## Recorded information
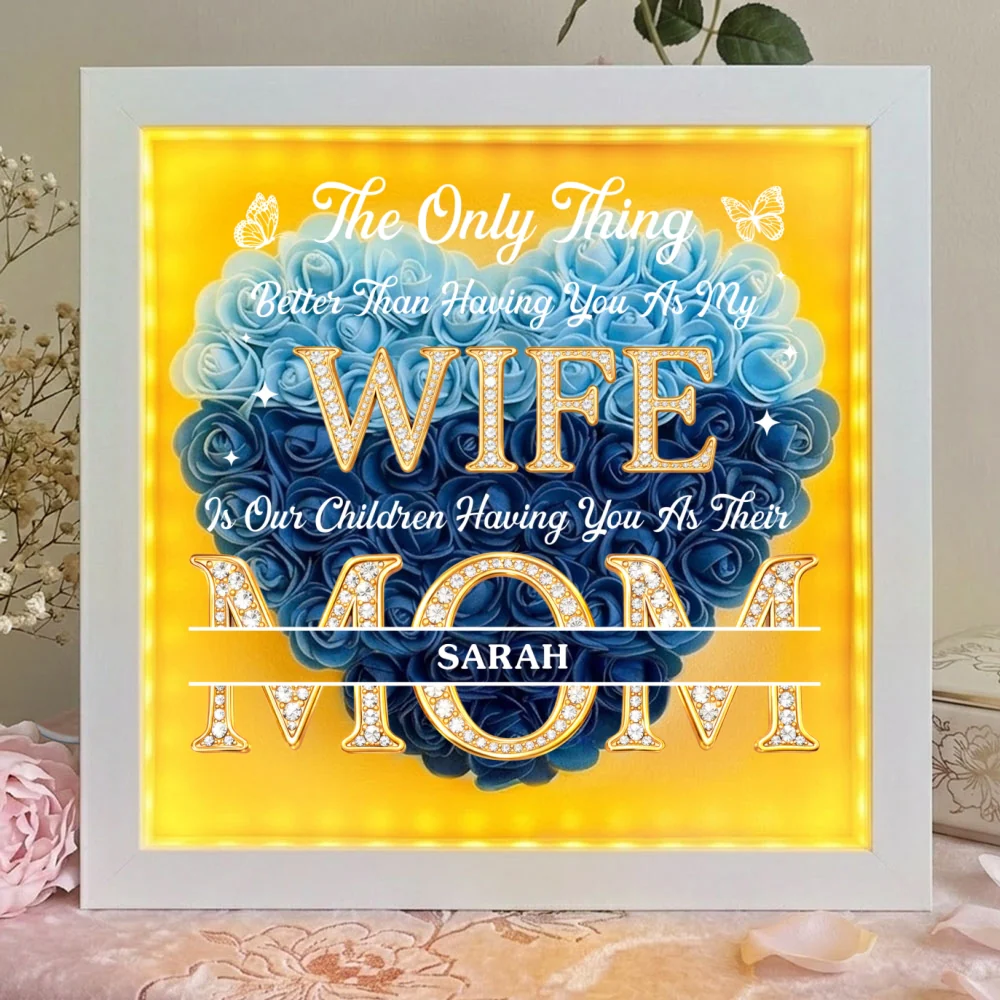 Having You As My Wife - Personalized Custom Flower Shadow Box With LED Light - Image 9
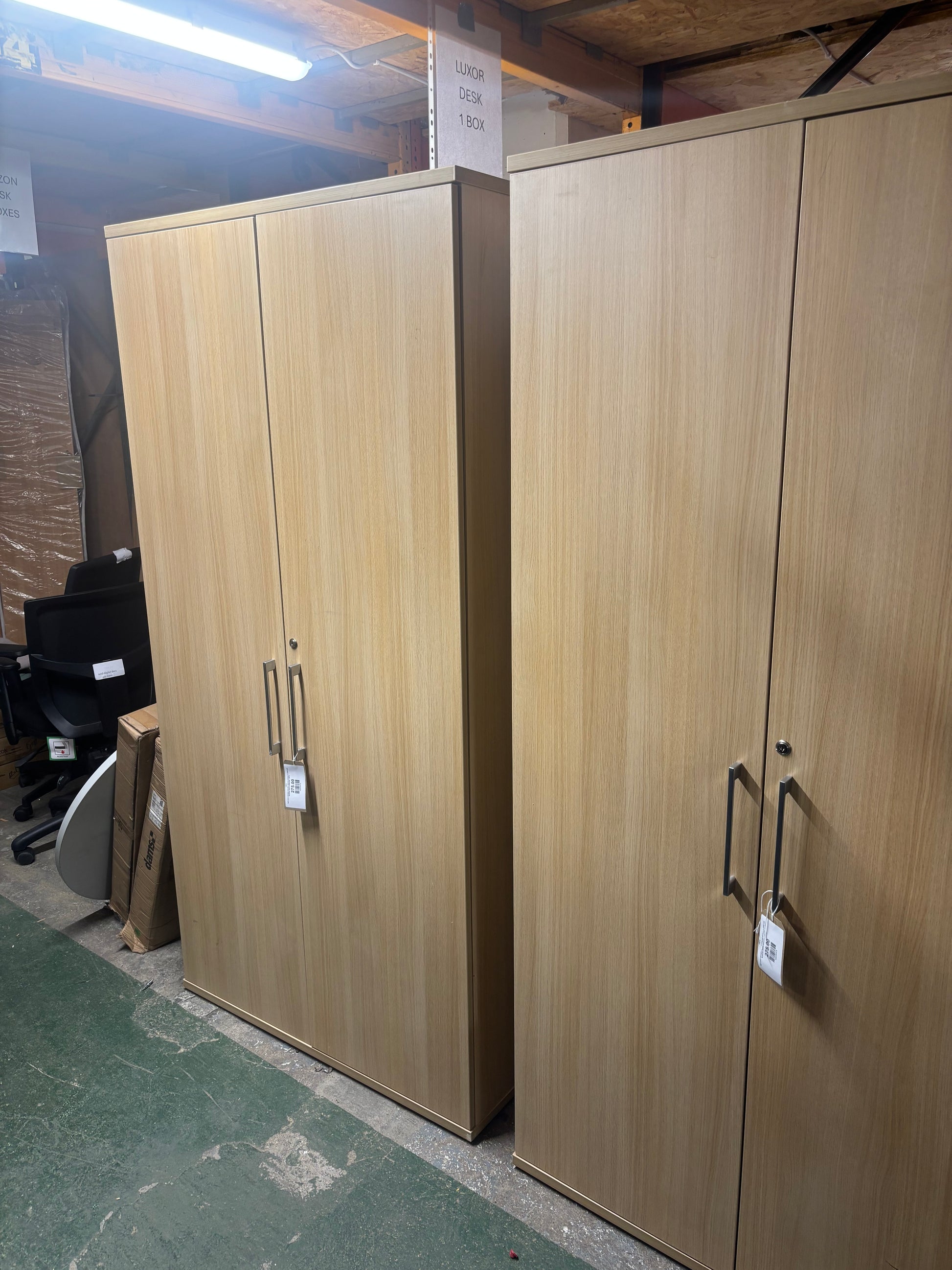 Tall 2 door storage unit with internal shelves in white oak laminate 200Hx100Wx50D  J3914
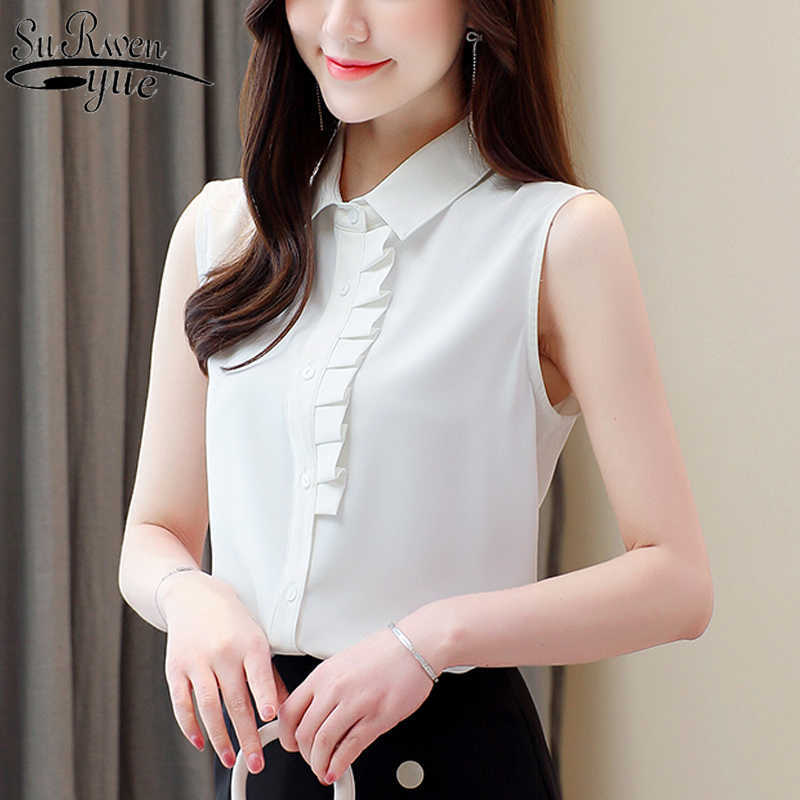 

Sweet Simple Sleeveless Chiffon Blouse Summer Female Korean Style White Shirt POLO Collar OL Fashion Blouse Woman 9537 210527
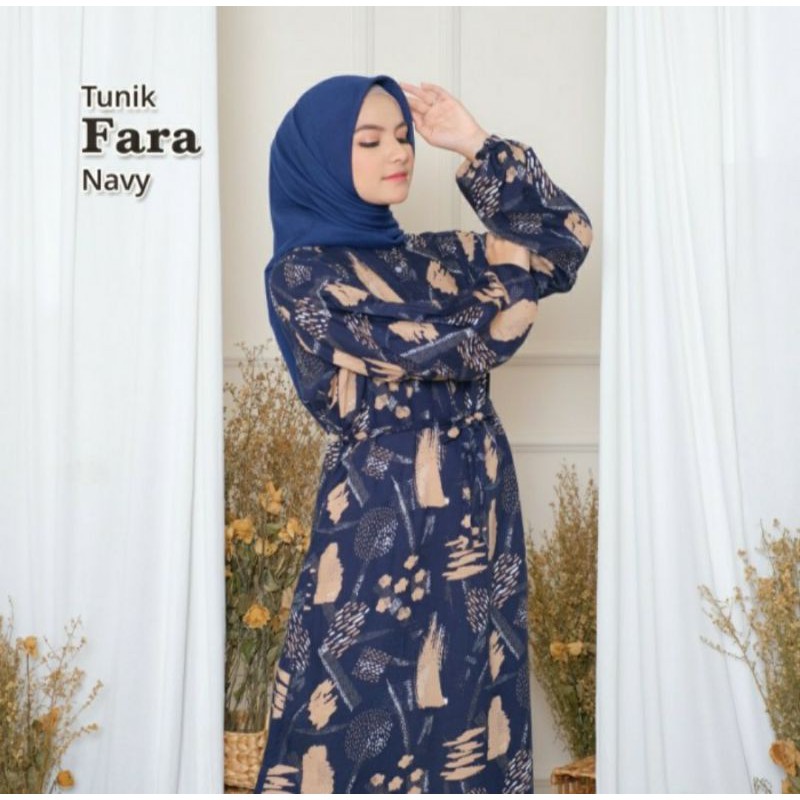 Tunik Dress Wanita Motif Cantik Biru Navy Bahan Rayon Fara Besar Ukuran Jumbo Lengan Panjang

## Problem description
Take the line containing "Sweet Simple Sleeveless" and all lines after it to the end of the data above, and reproduce them exactly, leaving out pictures. Nothing else belongs in the copy.

## Answer to this task
Sweet Simple Sleeveless Chiffon Blouse Summer Female Korean Style White Shirt POLO Collar OL Fashion Blouse Woman 9537 210527
 Tunik Dress Wanita Motif Cantik Biru Navy Bahan Rayon Fara Besar Ukuran Jumbo Lengan Panjang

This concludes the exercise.